→ **Dataset excerpt**
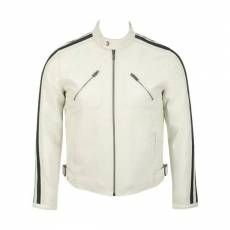 Semi motorbike white leather fashion jacket is an exquisitely designed brilliant jacket made of high level leather. Introducing special features about zippers, pockets, full zipped front and snap collar. Get it for a highly affordable price. Luxury White Men's Biker Jacket, Luxury White Biker Jacket For Motorcycling, Striped Leather Jacket, Leather Jacket Mens, Best Leather Jackets, Biker Leather Jacket, White Leather Jacket, Leather Jacket Style, Biker Leather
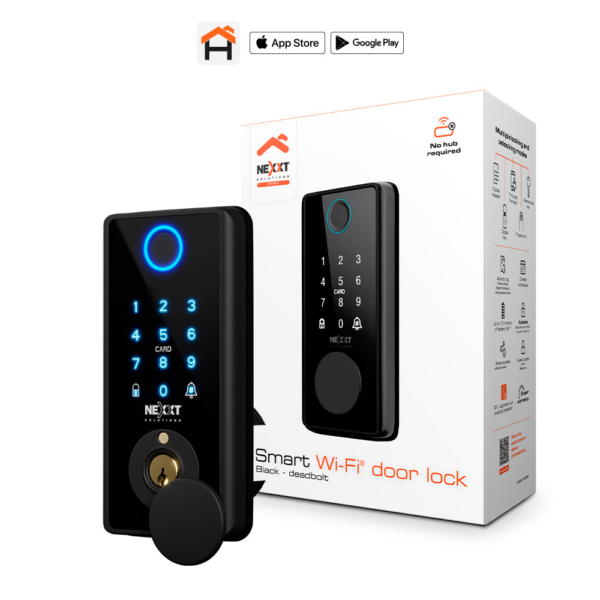 Cerradura Inteligente Wi-Fi Nexxt Solutions NHS-D150 Tipo Cerrojo Deadbolt | Acceso 5 en 1 con Lector de Huella Digital, Teclado Numérico Táctil, App Nexxt Home, Llave Digital y Llave Mecánica | Bloqueo Automático Autolock | Puerto USB-C de Energía de Emergencia | Autonomía hasta 10 Meses con Baterías AA | Acabado Negro | NHS-D150 / MM107NXT57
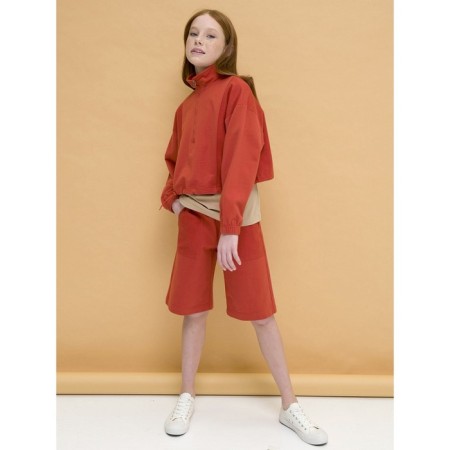 Sweatshirt for girls, height 146 cm, terracotta color-6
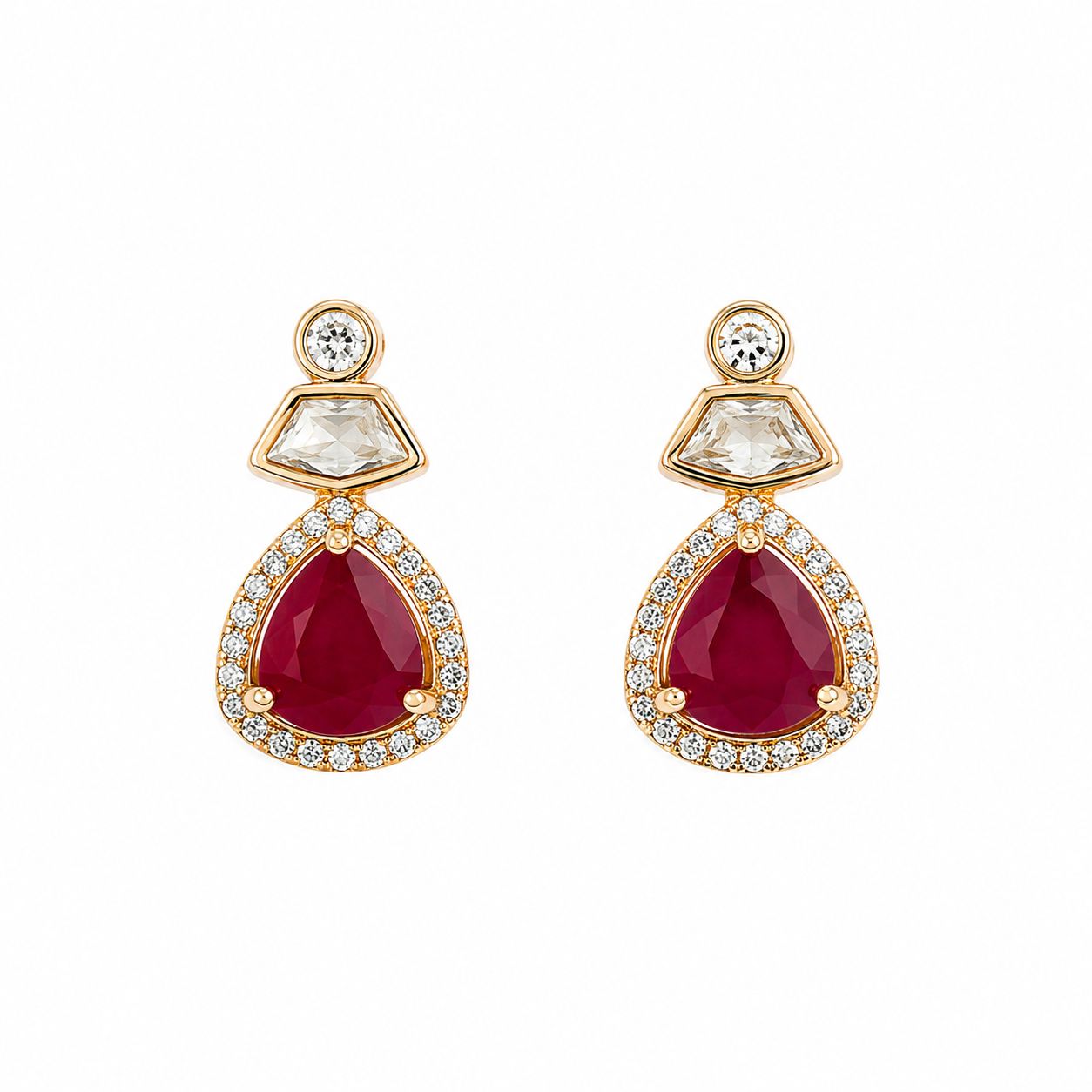 Gold Red Teardrop Crystal Necklace and Earrings Set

→ **Work to be completed**
Would you reproduce the listing above exactly, without any of its images?

→ **Result for this exercise**
 Semi motorbike white leather fashion jacket is an exquisitely designed brilliant jacket made of high level leather. Introducing special features about zippers, pockets, full zipped front and snap collar. Get it for a highly affordable price. Luxury White Men's Biker Jacket, Luxury White Biker Jacket For Motorcycling, Striped Leather Jacket, Leather Jacket Mens, Best Leather Jackets, Biker Leather Jacket, White Leather Jacket, Leather Jacket Style, Biker Leather
 Cerradura Inteligente Wi-Fi Nexxt Solutions NHS-D150 Tipo Cerrojo Deadbolt | Acceso 5 en 1 con Lector de Huella Digital, Teclado Numérico Táctil, App Nexxt Home, Llave Digital y Llave Mecánica | Bloqueo Automático Autolock | Puerto USB-C de Energía de Emergencia | Autonomía hasta 10 Meses con Baterías AA | Acabado Negro | NHS-D150 / MM107NXT57
 Sweatshirt for girls, height 146 cm, terracotta color-6
 Gold Red Teardrop Crystal Necklace and Earrings Set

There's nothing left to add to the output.